Data items:
+ + + + + + +

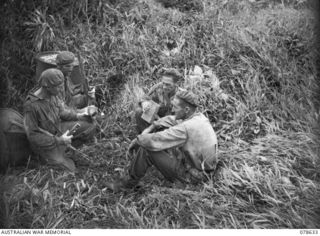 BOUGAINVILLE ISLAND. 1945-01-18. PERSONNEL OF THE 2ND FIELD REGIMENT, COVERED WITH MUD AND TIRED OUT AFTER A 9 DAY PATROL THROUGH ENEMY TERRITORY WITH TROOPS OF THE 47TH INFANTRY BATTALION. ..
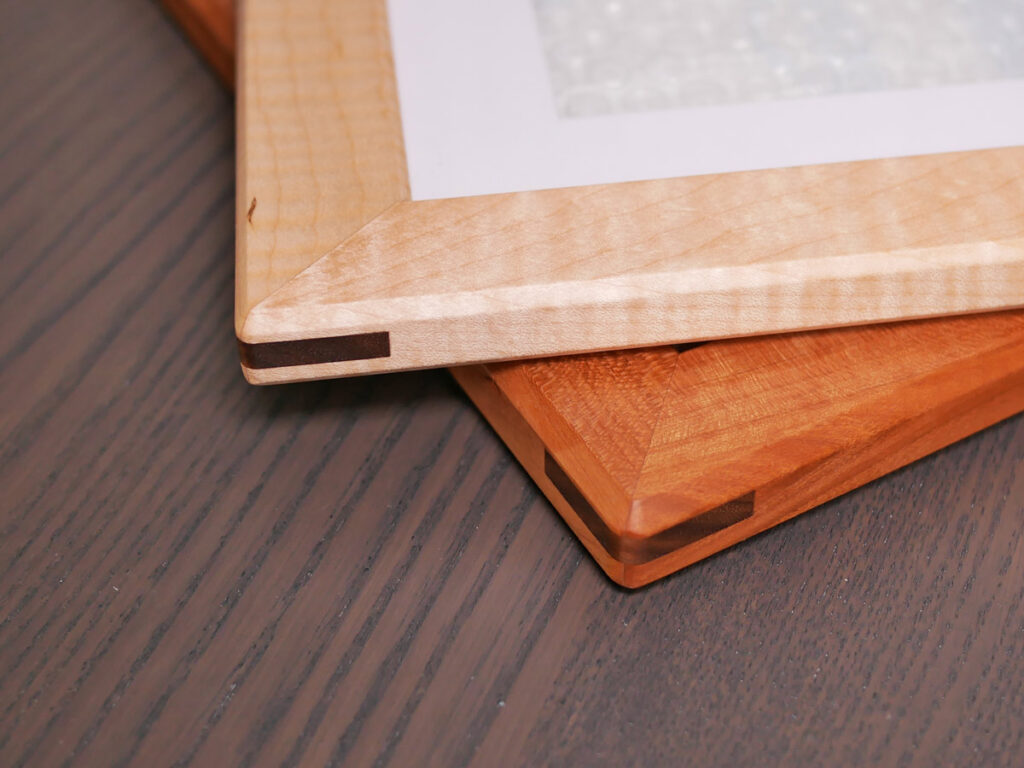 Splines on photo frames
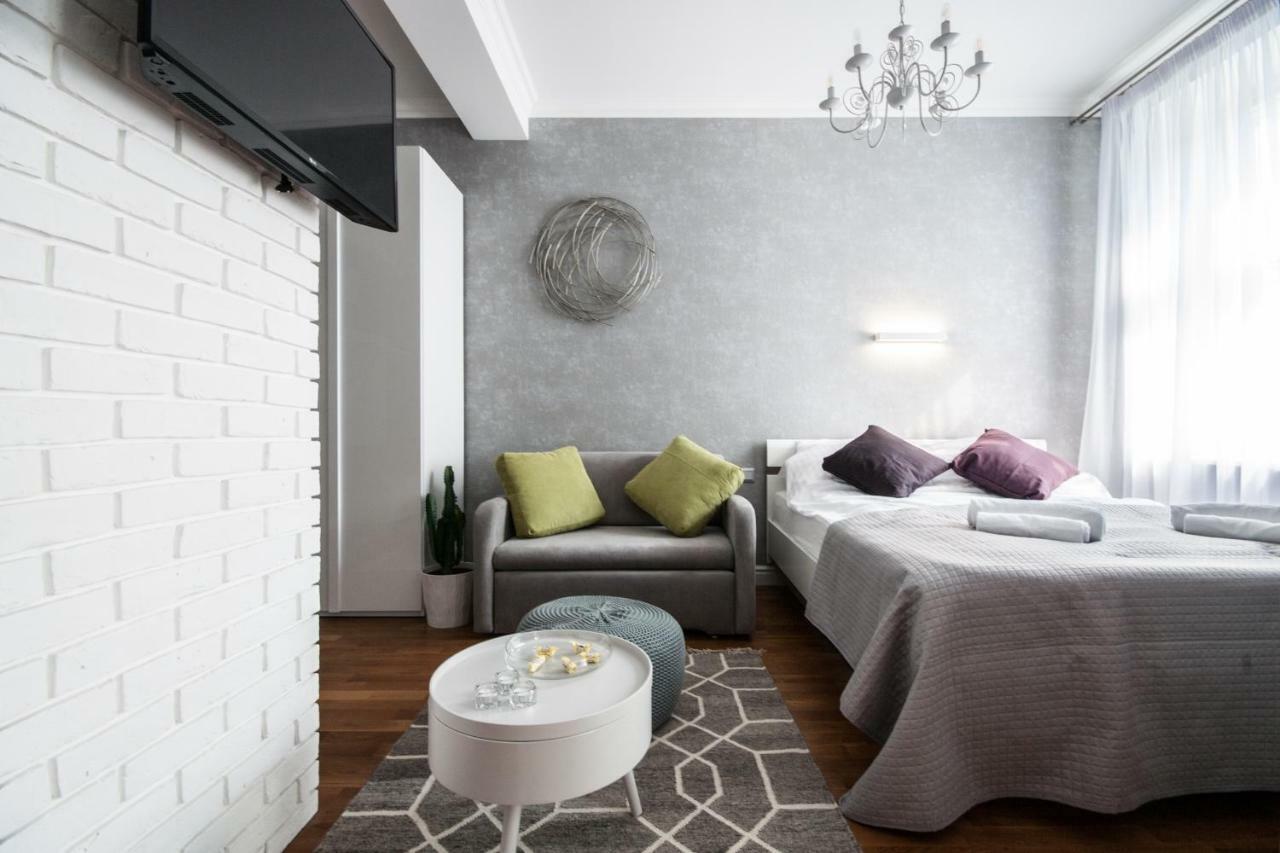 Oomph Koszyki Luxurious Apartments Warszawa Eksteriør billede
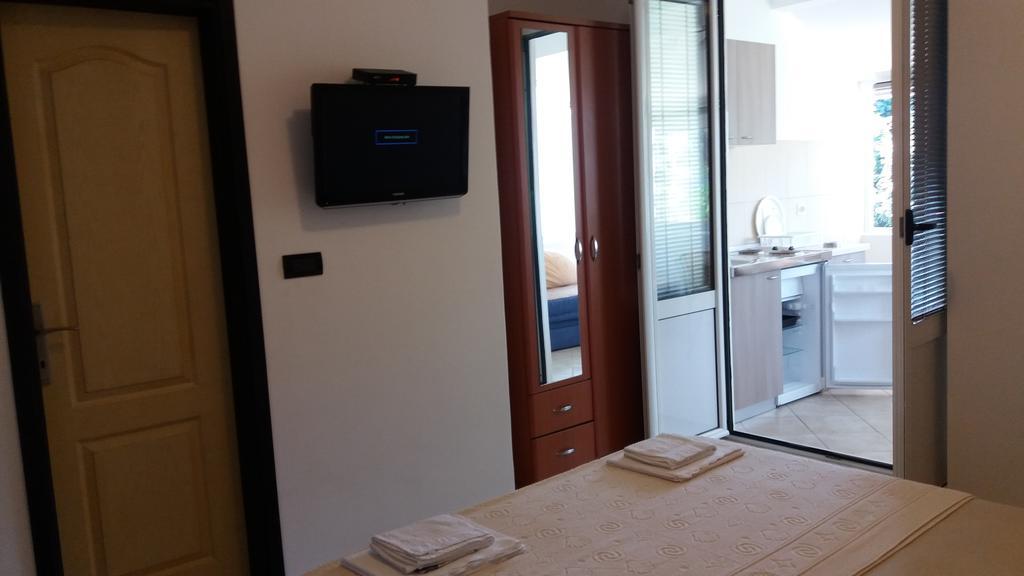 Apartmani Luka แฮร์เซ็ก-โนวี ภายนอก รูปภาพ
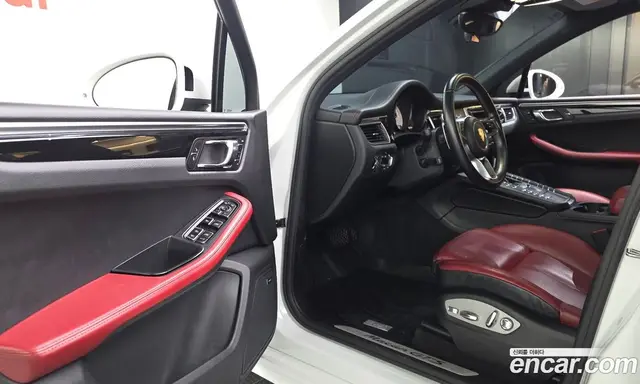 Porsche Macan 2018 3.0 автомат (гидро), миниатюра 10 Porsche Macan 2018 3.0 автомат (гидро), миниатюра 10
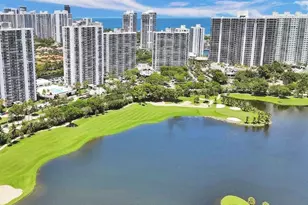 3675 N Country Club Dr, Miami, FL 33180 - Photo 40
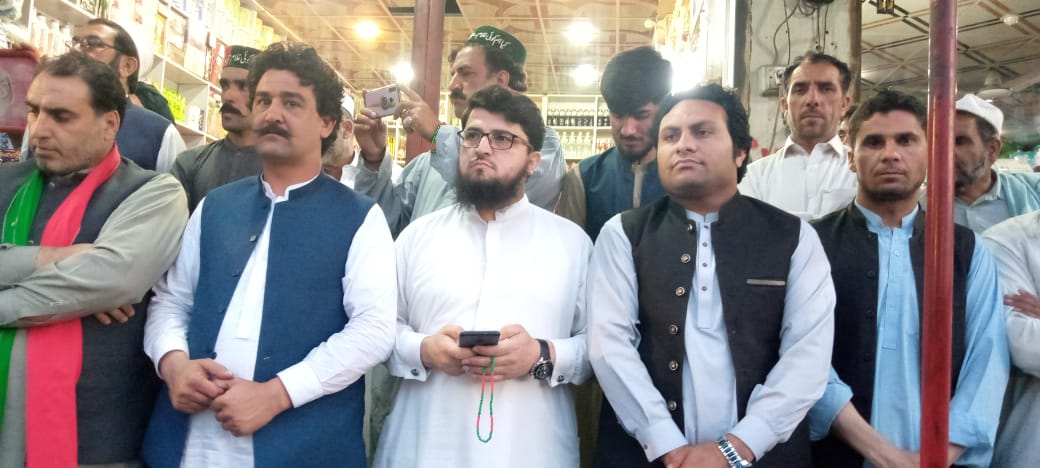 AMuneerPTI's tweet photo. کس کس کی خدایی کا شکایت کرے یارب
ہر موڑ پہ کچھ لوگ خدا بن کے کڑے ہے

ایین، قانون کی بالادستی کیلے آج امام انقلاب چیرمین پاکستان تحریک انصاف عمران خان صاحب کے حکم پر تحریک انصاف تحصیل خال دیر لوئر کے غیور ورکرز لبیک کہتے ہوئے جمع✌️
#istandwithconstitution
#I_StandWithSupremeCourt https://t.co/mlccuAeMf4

+ + + + + + +

Work to be completed: Skip every picture and transcribe the data above exactly.

Solution for this task:
 BOUGAINVILLE ISLAND. 1945-01-18. PERSONNEL OF THE 2ND FIELD REGIMENT, COVERED WITH MUD AND TIRED OUT AFTER A 9 DAY PATROL THROUGH ENEMY TERRITORY WITH TROOPS OF THE 47TH INFANTRY BATTALION. ..
 Splines on photo frames
 Oomph Koszyki Luxurious Apartments Warszawa Eksteriør billede
 Apartmani Luka แฮร์เซ็ก-โนวี ภายนอก รูปภาพ
 Porsche Macan 2018 3.0 автомат (гидро), миниатюра 10 Porsche Macan 2018 3.0 автомат (гидро), миниатюра 10
 3675 N Country Club Dr, Miami, FL 33180 - Photo 40
 AMuneerPTI's tweet photo. کس کس کی خدایی کا شکایت کرے یارب
ہر موڑ پہ کچھ لوگ خدا بن کے کڑے ہے

ایین، قانون کی بالادستی کیلے آج امام انقلاب چیرمین پاکستان تحریک انصاف عمران خان صاحب کے حکم پر تحریک انصاف تحصیل خال دیر لوئر کے غیور ورکرز لبیک کہتے ہوئے جمع✌️
#istandwithconstitution
#I_StandWithSupremeCourt https://t.co/mlccuAeMf4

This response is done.